━━ EXCERPTED DATA

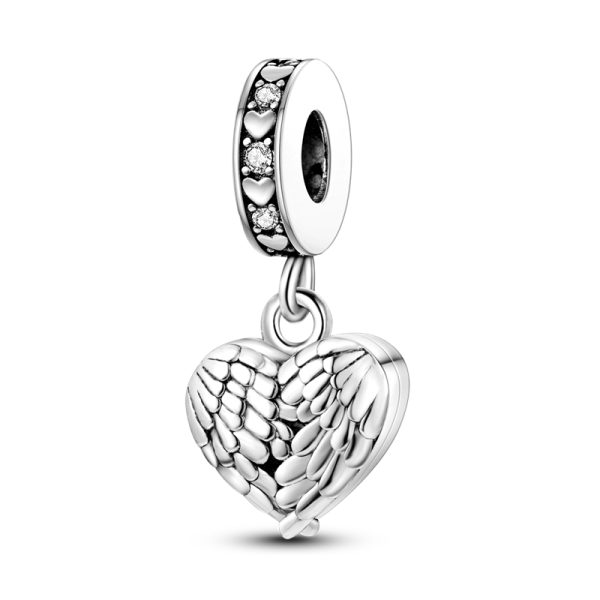 Angel Wings Heart Charm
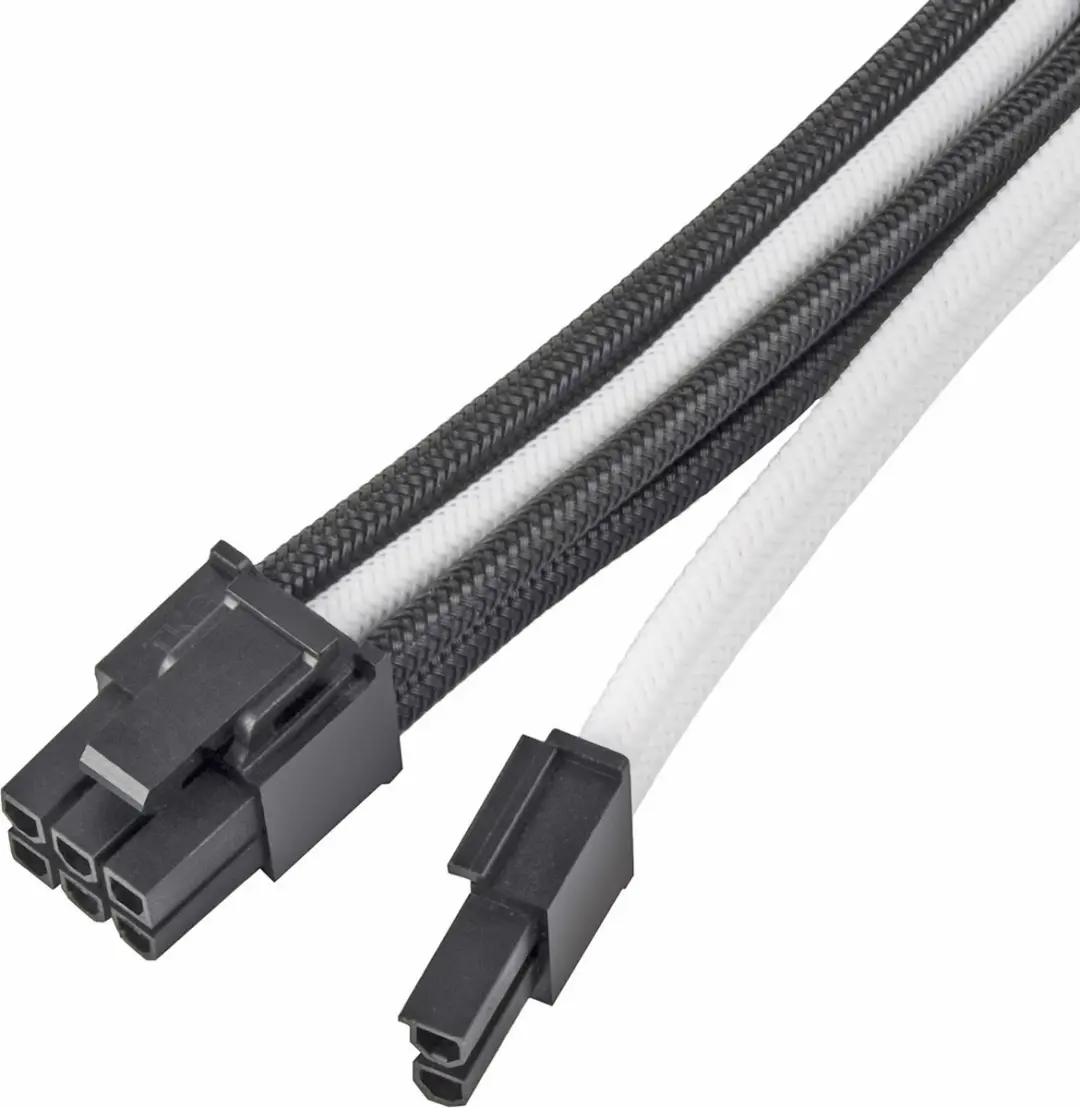 SilverStone SST-PP07E-PCIBW PCIe Kabel 8 pin (6+2) - Wit/Zwart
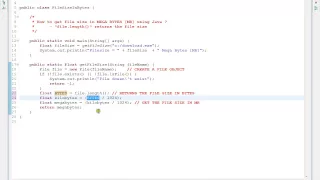 HOW TO GET FILE SIZE IN MEGA BYTES MB USING JAVA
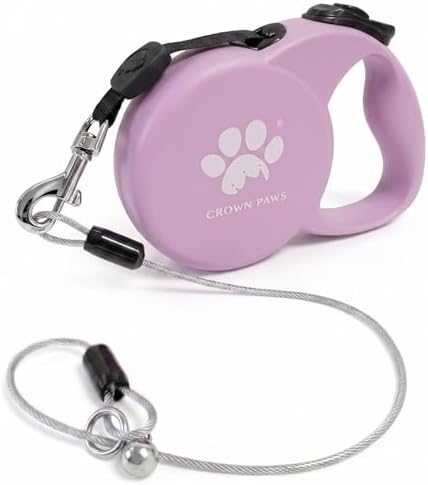 Chew Proof Retractable Dog Leash for Large Dogs, 16ft Heavy Duty Dog Lead with Anti-Chewing Steel Wire Rope, Tangle-Free 360° Swivel, One-Hand Brake & Lock, Pink L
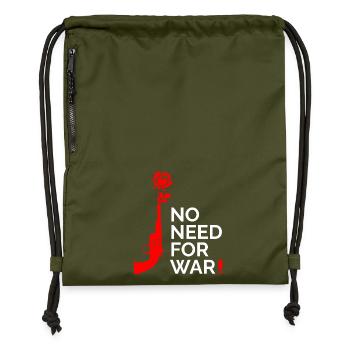 no war - Gymsac made from recycled material - military green - Front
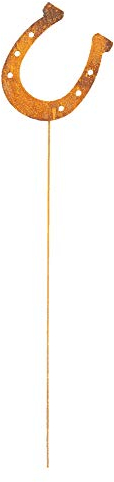 Manufaktur Lichtbogen Edelrost Gartenstecker Hufeisen 64 cm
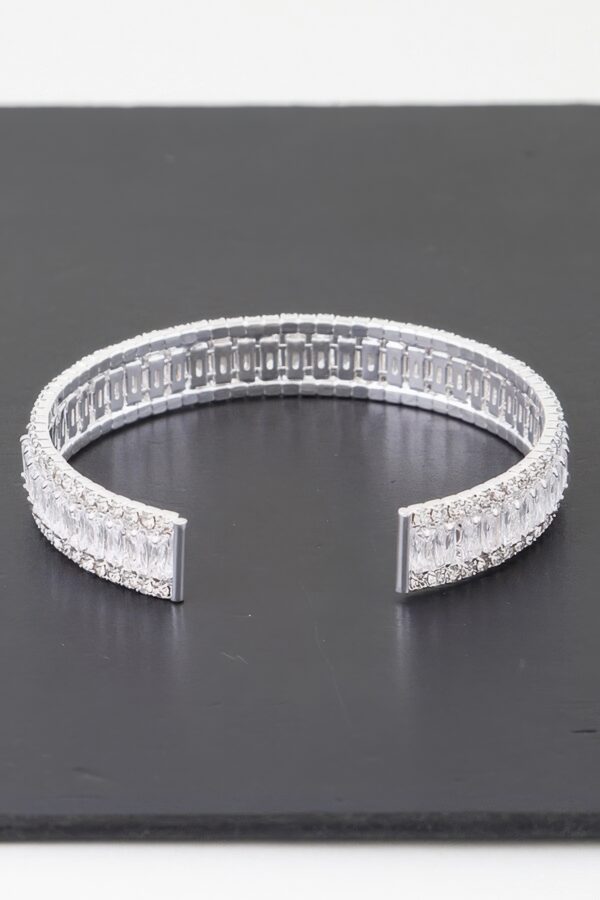 Wide Cubic Zirconia Silver-Plated Cuff Bracelet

━━━━

TASK DESCRIPTION ▸
Before printing the records again, strip out the pictures; change nothing else.

ANSWER ▸
 Angel Wings Heart Charm
 SilverStone SST-PP07E-PCIBW PCIe Kabel 8 pin (6+2) - Wit/Zwart
 HOW TO GET FILE SIZE IN MEGA BYTES MB USING JAVA
 Chew Proof Retractable Dog Leash for Large Dogs, 16ft Heavy Duty Dog Lead with Anti-Chewing Steel Wire Rope, Tangle-Free 360° Swivel, One-Hand Brake & Lock, Pink L
 no war - Gymsac made from recycled material - military green - Front
 Manufaktur Lichtbogen Edelrost Gartenstecker Hufeisen 64 cm
 Wide Cubic Zirconia Silver-Plated Cuff Bracelet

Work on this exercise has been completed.